Her mentor Glen Wilson also contributed a poem, ‘Border Crossing, Reynosa to Hidalgo’, a gorgeous poem with more questions than answers:
‘There is buzzing behind the bevel of the two-way mirror,
I imagine the voices of the hidden judges there’
The collaborative poems all allow the contributing poets’ voices to shine and feel very different to Graham’s own. For example Mahyar’s ‘You’ is end-rhymed:
‘When I was drinking shot after shot
When I was reading Rubaiyat
When I was reading Khayyam’s couplets
When the book got wet with my tears’ droplets’
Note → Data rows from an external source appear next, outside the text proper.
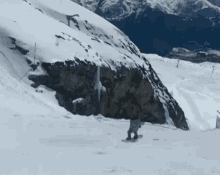 a person on a snowboard going down a snowy hill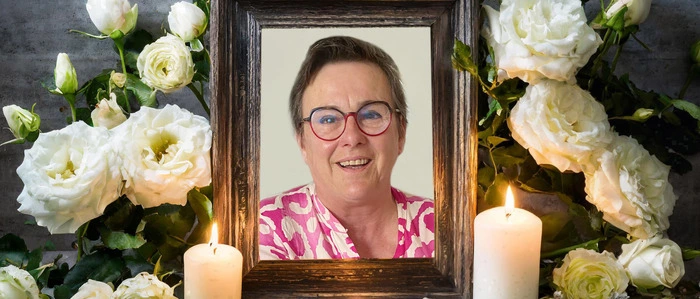 Die Verstorbene ist in einem Bilderrahmen, umgeben von Kerzen und Blumen zu sehen
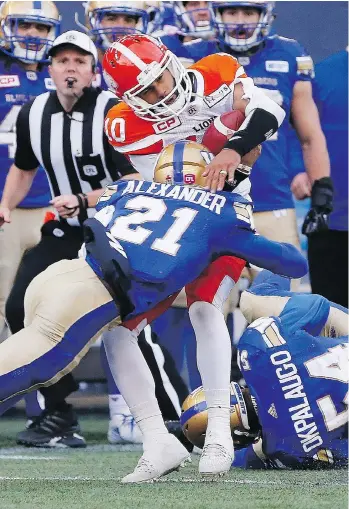  ?? JOHN WOODS/THE CANADIAN PRESS ?? Winnipeg Blue Bombers’ Brandon Alexander tackles B.C. Lions quarterbac­k Jonathon Jennings during second half CFL action in Winnipeg on Saturday. The Lions are now 6-9.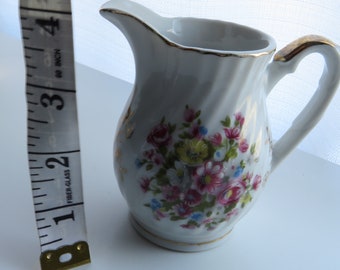 Beautiful ceramic creamer with floral design!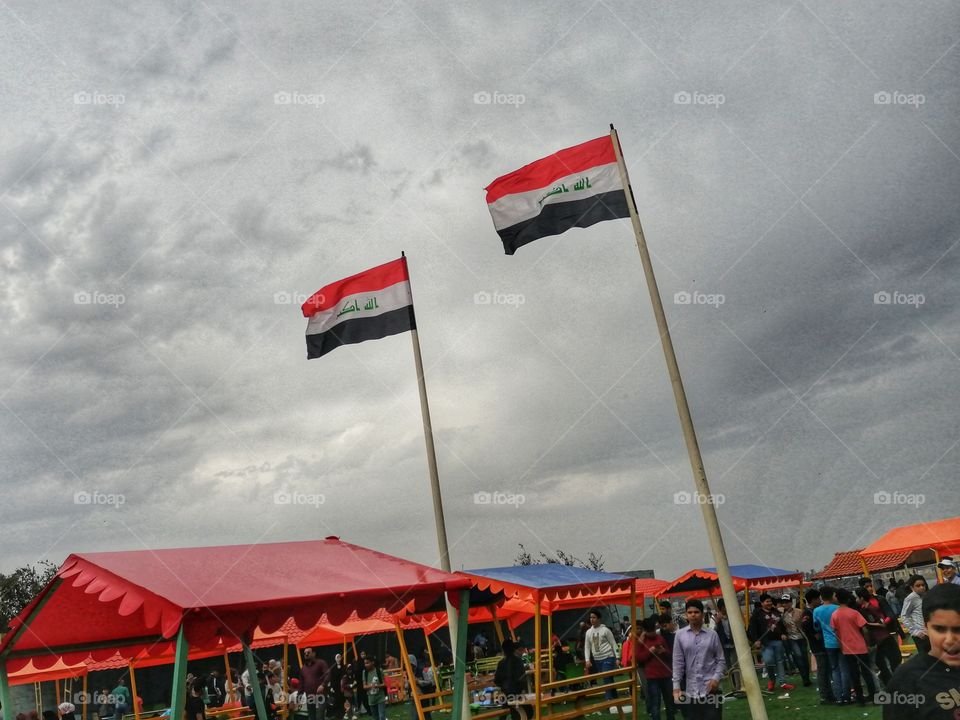 Flag of the State of Iraq raised in the rain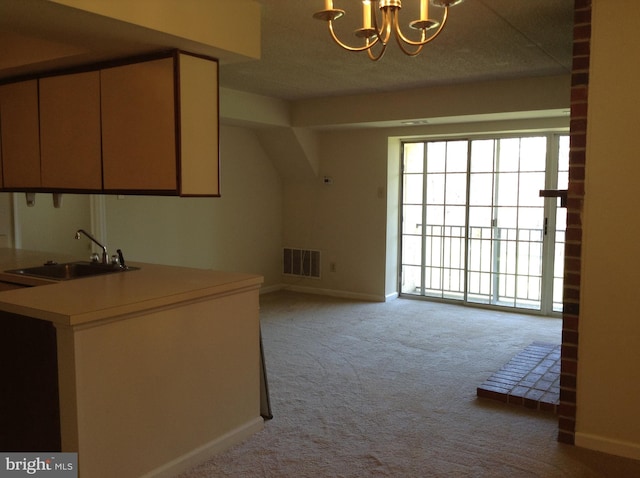 406 Deer Run, Norristown, PA 19403 - kitchen with a sink, a chandelier, carpet, baseboards, and light countertops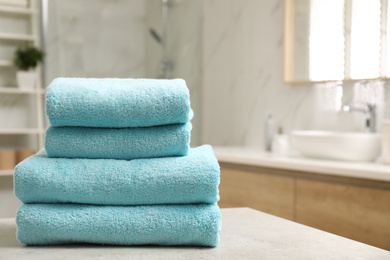 Photo of Stack of clean towels on table indoors. Space for text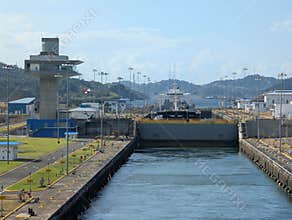 Panama Canal, Panama 2026.03.26. Cargo ship navigating Panama Canal Locks beside control tower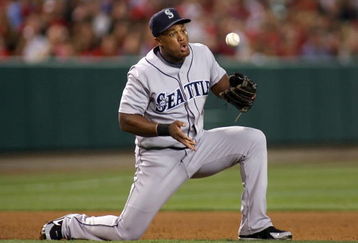 ANAHEIM, CA - AUGUST 12: Adrian Beltre #29 of the Seattle Mariners bobbles the ball on a grounder against the Los Angeles Angels of Anaheim at Angel Stadium on August 12, 2008 in Anaheim, California. The Angels defeated the Mariners 7-3. (Photo by Christian Petersen/Getty Images)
Csilla Toldy’s ‘Sanctum Trilogy’ is written in three sections, ‘Resistance’ ‘Refuge’ and ‘Resilience’ and is more experimental in form:
‘Forget the borders, tie up your tongue
here you are safe – between the walls of this place.
Stay put for now, We will decide –
wait
w a i t
w a i t
w a i t’
Phil Cope gives us a panoramic, bird’s-eye sequence of the Welsh landscape:
‘A brace of peregrines, monogamous
though solitary throughout the year,
rendezvous up here each April,
drawn by this cliff’s magnetism,
egged on by legacy,
reliable in the knowledge of
a ledge, secure on Darren Fawr
to raise two chicks, then leave.’
Angela Graham’s wonderful poem ‘A Heerd tha Sodjer on tha Radio’ which won the Linen Hall Ulster Scots Writing Competition is included. Her other poems work best when they steer away from prose and allow the image to be seen, as in ‘Annunciation, Visitation’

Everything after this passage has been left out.